When his girlfriend of five years broke up with him, Brad Keith Sigmon snapped.

Sigmon killed her parents, David and Gladys Larke, in their home, hitting them each nine times with a baseball bat. He then kidnapped his ex and shot her once after she jumped out of his speeding car. She survived.

Sigmon, who is set to be executed by firing squad in South Carolina on Friday, has always admitted to murdering the Larkes in 2001.

"Ladies and gentlemen of the jury, I am guilty," Sigmon told jurors at his trial, according to archived coverage in the Greenville News, part of the Paste BN Network. "I have no excuse for what I did. It’s my fault and I’m not trying to blame nobody else for it, and I’m sorry."

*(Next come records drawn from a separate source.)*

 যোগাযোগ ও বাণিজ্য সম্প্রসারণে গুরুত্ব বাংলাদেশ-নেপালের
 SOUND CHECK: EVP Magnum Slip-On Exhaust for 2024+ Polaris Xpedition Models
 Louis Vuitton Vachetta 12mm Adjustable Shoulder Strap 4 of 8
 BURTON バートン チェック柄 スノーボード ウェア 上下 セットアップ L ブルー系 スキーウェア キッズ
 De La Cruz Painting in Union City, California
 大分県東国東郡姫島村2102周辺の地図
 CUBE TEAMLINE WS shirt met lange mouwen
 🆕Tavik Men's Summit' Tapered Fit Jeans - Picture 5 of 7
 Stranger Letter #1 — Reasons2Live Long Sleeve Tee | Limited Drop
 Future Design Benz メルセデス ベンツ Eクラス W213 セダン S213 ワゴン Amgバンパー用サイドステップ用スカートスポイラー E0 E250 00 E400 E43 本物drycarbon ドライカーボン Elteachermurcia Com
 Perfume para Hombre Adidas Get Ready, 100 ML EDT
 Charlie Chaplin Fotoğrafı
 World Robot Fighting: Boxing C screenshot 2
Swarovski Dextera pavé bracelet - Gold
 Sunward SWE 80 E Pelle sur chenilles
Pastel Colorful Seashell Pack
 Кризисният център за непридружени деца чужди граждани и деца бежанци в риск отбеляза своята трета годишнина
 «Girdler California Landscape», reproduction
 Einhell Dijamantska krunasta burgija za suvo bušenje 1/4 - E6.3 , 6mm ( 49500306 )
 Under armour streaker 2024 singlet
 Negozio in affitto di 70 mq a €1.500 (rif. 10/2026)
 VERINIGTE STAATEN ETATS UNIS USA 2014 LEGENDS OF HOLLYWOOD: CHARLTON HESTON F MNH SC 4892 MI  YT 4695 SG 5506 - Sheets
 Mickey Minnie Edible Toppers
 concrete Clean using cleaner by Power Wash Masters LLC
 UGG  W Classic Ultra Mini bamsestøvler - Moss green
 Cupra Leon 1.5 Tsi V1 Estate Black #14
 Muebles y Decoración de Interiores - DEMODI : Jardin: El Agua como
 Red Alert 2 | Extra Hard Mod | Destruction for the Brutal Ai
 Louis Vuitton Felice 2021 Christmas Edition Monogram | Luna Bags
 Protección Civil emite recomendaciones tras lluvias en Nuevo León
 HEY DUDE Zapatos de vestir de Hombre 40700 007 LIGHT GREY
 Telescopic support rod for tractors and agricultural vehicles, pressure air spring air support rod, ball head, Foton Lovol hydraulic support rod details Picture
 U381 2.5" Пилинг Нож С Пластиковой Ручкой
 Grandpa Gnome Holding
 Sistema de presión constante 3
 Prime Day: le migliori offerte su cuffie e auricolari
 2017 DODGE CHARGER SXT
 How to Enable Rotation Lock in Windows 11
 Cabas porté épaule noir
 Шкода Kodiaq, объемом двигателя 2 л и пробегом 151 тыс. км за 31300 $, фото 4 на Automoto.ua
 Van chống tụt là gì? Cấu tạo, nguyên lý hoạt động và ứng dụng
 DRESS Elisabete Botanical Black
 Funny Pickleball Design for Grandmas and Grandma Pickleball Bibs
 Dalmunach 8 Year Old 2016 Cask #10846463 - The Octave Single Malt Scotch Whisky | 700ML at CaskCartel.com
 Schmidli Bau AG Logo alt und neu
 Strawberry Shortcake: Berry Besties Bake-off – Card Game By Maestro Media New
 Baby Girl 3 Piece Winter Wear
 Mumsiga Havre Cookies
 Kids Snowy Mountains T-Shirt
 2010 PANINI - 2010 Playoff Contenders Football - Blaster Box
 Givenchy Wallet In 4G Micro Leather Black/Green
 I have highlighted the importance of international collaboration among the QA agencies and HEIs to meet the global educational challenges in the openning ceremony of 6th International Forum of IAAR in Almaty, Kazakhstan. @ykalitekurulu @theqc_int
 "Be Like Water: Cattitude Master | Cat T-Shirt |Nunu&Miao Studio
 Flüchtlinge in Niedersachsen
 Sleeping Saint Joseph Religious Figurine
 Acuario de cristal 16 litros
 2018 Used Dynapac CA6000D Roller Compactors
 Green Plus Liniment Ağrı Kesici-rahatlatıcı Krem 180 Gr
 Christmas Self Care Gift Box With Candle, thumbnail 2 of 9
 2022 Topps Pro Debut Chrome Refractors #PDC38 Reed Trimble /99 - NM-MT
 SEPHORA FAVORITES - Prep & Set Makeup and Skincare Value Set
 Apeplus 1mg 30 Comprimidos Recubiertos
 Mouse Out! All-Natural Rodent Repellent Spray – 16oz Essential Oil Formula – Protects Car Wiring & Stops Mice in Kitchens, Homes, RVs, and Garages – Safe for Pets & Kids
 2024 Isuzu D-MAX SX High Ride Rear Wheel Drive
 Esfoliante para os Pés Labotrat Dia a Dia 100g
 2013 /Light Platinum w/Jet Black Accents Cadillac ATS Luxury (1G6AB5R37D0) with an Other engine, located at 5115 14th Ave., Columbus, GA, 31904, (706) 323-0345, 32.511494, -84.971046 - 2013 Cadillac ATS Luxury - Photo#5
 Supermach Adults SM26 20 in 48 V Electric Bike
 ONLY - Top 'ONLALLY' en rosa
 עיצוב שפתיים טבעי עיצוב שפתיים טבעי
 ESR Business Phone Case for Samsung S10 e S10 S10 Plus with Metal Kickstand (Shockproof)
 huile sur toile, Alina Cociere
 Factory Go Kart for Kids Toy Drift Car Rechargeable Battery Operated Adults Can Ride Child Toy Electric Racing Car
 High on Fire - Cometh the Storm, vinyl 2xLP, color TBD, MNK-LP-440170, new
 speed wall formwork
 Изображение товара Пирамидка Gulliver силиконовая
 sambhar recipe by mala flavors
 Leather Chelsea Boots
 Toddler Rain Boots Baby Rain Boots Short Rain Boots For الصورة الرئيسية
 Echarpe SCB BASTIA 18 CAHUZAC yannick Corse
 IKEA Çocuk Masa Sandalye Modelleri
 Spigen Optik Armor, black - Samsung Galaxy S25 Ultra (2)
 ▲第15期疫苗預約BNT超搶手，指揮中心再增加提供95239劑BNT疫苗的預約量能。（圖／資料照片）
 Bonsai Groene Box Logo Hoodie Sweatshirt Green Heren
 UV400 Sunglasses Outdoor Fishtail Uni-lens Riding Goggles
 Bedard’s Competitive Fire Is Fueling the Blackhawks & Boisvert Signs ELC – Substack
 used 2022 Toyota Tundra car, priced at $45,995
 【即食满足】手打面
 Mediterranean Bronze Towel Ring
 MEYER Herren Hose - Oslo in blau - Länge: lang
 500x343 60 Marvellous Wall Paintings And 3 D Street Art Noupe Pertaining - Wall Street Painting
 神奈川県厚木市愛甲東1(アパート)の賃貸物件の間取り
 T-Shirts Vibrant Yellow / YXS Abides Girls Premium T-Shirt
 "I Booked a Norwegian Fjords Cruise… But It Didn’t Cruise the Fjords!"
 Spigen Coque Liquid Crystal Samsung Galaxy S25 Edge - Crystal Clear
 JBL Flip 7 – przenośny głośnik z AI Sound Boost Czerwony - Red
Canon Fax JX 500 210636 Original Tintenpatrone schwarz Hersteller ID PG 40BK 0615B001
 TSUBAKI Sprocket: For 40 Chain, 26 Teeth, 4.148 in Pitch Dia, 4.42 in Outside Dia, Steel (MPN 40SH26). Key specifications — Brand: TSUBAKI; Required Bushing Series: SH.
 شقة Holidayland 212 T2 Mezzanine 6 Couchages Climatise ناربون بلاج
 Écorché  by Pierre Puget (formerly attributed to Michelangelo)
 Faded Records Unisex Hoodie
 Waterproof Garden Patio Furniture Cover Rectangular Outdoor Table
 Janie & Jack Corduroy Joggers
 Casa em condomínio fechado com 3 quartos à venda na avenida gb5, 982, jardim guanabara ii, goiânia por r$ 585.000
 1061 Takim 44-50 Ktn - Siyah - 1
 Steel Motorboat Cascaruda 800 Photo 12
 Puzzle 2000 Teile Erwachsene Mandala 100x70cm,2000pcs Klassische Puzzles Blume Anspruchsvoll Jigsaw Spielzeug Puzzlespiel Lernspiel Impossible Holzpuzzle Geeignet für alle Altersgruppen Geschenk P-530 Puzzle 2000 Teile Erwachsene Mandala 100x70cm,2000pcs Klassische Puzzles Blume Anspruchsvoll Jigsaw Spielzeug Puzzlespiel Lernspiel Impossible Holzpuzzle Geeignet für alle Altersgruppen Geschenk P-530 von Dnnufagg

Meanwhile his ex-girlfriend, Rebecca Armstrong, told Paste BN − in her first interview in the 24 years since her parents' murder − that Sigmon's actions ripped her family apart and that "he should answer for what he's done," though she doesn't believe in the death penalty.

If Sigmon's execution moves forward, he will become the first inmate in South Carolina executed by firing squad in modern history and the fourth in the U.S. since 1977. Sigmon chose the method over the electric chair or lethal injection, with his attorneys citing the unreliability of the execution drug and the barbarity of an "ancient electric chair, which would burn and cook him alive."

As his execution approaches, Paste BN is looking back at his crime, who his victims were and what to expect from the nation's first firing squad execution in 15 years.

Brad Keith Sigmon murders the Larkes

On April 27, 2001, Sigmon showed up at Armstrong's parents' house with a plan that he hatched while doing crack cocaine the night before: He was going to tie up David and Gladys Larke and kidnap his ex, he told police.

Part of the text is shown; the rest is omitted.